Average luck of investors as their performance gets better
Source: Liberum
Of course, the average luck for all investors is 50%. Investors who end up in the top quartile or in the top 10% tend to have slightly better luck than average. But note that the investors who end up in the top 1% or top 0.1% have an awful lot of luck. Even though in our model, luck plays only a 5% role in determining success, to end up in the top 1% or top 0.1% you need to be very lucky indeed.
That also means if you follow the common approach of looking what the most successful investors or business leaders are doing, you are incredibly likely to follow lesser skilled individuals.
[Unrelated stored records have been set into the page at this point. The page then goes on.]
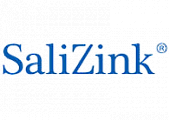 SaliZink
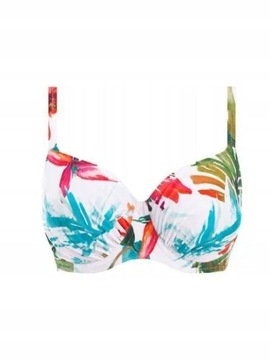 ВАННА ФАНТАЗИЯ ОСТРОВА КИАВА. Великобритания 36J ЕС 80M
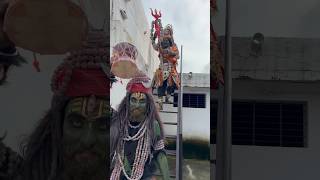 Hindu Gods #mahadev #mahakal #kali #devotional #bhakti #bhajan #shortsfeed #music #ytshorts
The chart below inverts the process and looks at the likelihood that anyone ending up in the top 25%, etc. really has skill in the top 25%, etc. Among the top quartile investors, in our simple model, 97% of the investors with top quartile performance have top quartile skill. 94% of top 10% performers have top 10% skill. Bot only half of the top 1% performers truly have top 1% skill and out of the top 0.1% performers, only 1 in 10 truly has top 0.1% skill.
Share of investors with skill corresponding to their performance
Source: Liberum
And the numbers above are based on a model where skill is responsible for 95% of success. In real life (at least in the investment world) I suspect, luck plays a much larger role, somewhere close to 50%. The chart below shows the share of investors with skill corresponding to their performance if skill accounts for 55% of total performance and luck for 45%. Only 6 out of 10 top quartile managers truly have top quartile skills. And only 1 out of 7 top 1% investors truly have top 1% skills. Oh, and on average none of the top 0.1% investors have top 0.1% skills. They are all there because they have been very lucky indeed.
Share of investors with skill corresponding to their performance if luck accounts for 45% of performance
Source: Liberum
And now please realise that most, if not all of the people who read this, are in the top 1% of some sort. If you earn more than £50,000 a year, you are in the top 1% of global income. If you live in the UK and earn more than £58,300 a year (before taxes), you are in the top 10% in the UK and if you earn more than £180,000 a year, you are in the top 1% of the UK. That is you are in the top 1% of a country in the top 10% of all countries.
Great post!
Unfortunately, the fact that successful people believe their success comes mostly from their hard work has pretty bad consequences: they believe that if you are not successful it's your own fault and they fail to acknowledge that it's often largely determined by luck. Being poor becomes some sort of decision taken by people who just chose not to work hard enough. And who are the policy makers in our societies? Right, the successful people who were almost by definition very lucky (besides working hard, of course).
It's the same in finance or trading where the luck factor is probably even higher than in life in general.
Nice article, once again. This ↓ is amazing and needs constant reminding:
"If you earn more than £50,000 a year, you are in the top 1% of global income."
It is unbelievable how many of the people in the top percentiles underestimate the power of luck in their success and consistently overestimate their skills. I had also read somewhere that women are more realistic in their assessment of skills vs luck whereas most men think they are above average/top decile performers. This creates lot of problems once the results of the end-of-the-year performance assessments are issued.
If possible, could you share how you built the model and the simulation?